> _Work to be completed_
Needed from the data below: every line from the one with "Castletown Way map" up to and including the one with "Themoiré Mini Polyester Clutch Bag", repeated exactly and with nothing else.

> _Given information_
▼
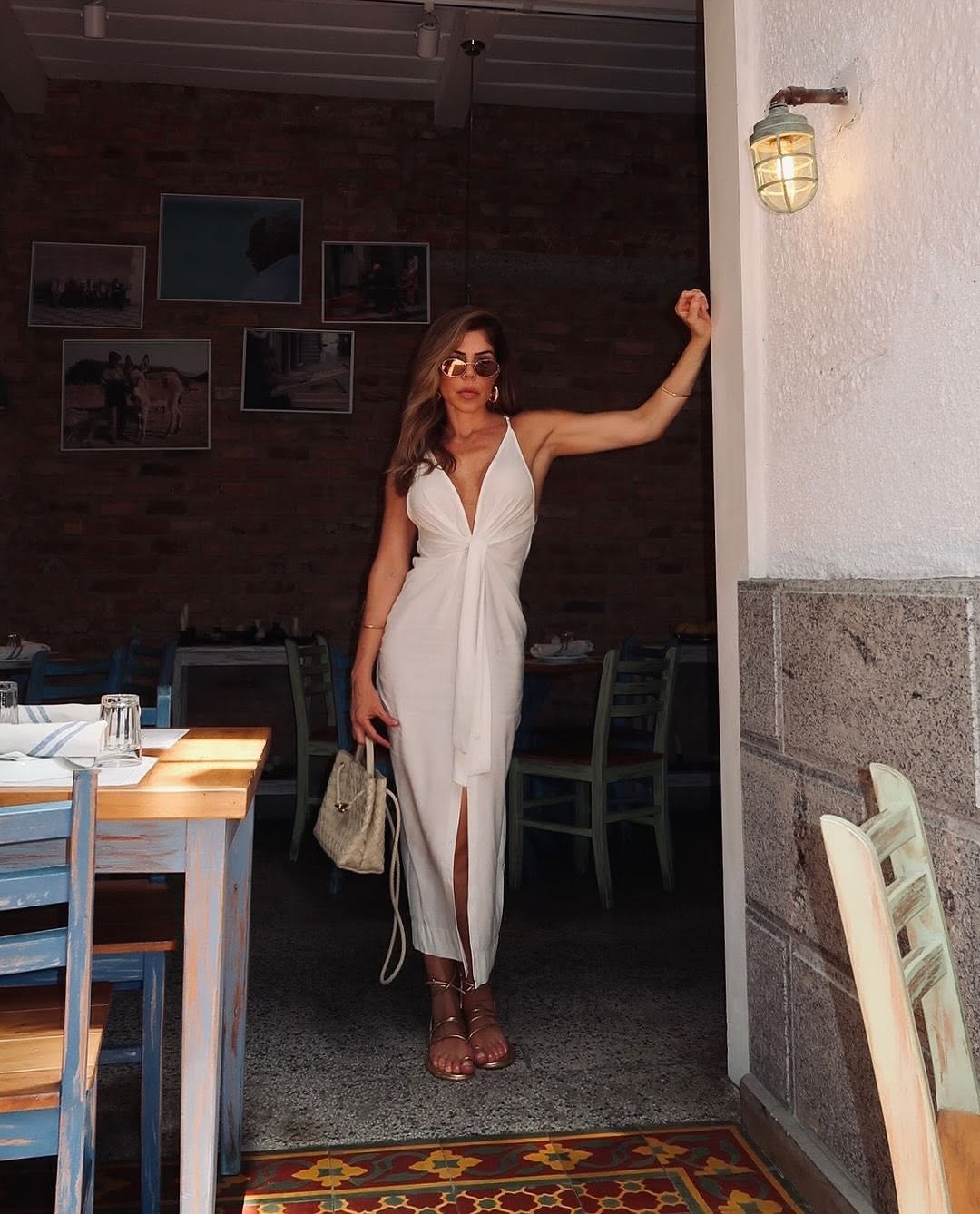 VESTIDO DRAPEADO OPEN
▲
▼
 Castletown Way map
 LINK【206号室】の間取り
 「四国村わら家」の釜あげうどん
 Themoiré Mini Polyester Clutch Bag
▲
> _Exercise output_
 Castletown Way map
 LINK【206号室】の間取り
 「四国村わら家」の釜あげうどん
 Themoiré Mini Polyester Clutch Bag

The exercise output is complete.